Attention, attention, attention.
Everyone is starved for it . . . their own, not others. People want to be able to focus again.
Madison Avenue purposefully kills it:
The legal scholar Tim Wu, in his book “The Attention Merchants,” notes, “Without express consent, most of us have passively opened ourselves up to the commercial exploitation of our attention just about anywhere and any time.” No wonder young people struggle. Burnett, in an opinion piece that he co-wrote in the Times last fall, argued that schools, rather than just expecting students to pay attention, should teach them how.
Madison Avenue only feeds off what's already there. It advertises in English because that's what we speak.

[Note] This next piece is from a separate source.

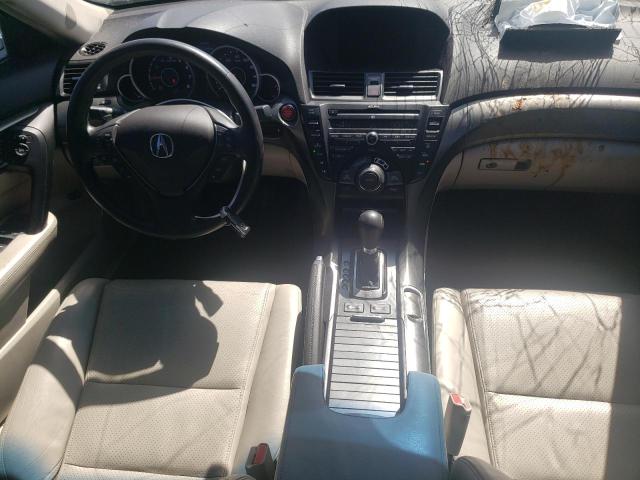 Photo 8 from auction – 2012 ACURA TL with VIN 19UUA8F5XCA011779
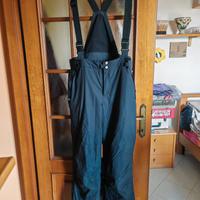 Pantaloni da Sci Killertec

It doesn't use words like "faggot" and "retard" because they're words people hate.
And it capitalizes on our inability to focus because we can't.
Modernity brought us the inability to focus.
Modernity is the Era of the Left Hemisphere.
The left hemisphere naturally opposes focus on the thing in front of us now.
The left hemisphere is tasked with tasks. It wants to get things done. To get things done, it always needs to think about the next task. The result? It can't focus on the present task.
Kevin Majeres points out at Optimal Work that, if you can't read for fifteen minutes without thinking about what you're going to do when you're done reading, you have an attention deficiency.
You, in other words, are a slave to your left hemisphere.
If that's the case, develop your ability to read recreationally. It's an easy and enjoyable way to stick a knife in the left hemisphere's ribs.
You may also want to try poetry. That's like recreational reading on steroids: you learn nothing, you don't get another book under your belt: you do nothing but ponder the page. It's a waste. It's a great thing.
Or maybe you can try art appreciation, which is the point of this monster essay at The New Yorker.
One Group's Four-Step Process of Art Appreciation
Four parts: seven minutes each.
First: Encounter: Wander around the art museum, taking in the scene
Second: Attending: Silently give a work of art your full attention
Third: Negation: Clear the work of art from your mind
Fourth: Realizing: Ask yourself, "What does that work of art need?"
Then sit in a corner and write down your thoughts from each session. A little later, meet in a cafe to talk about the experience.
It all strikes you as faggotry (in the Bill Burr sense)? Me too, but these are desperate times that call for desperate measures, maybe even a little faggotry.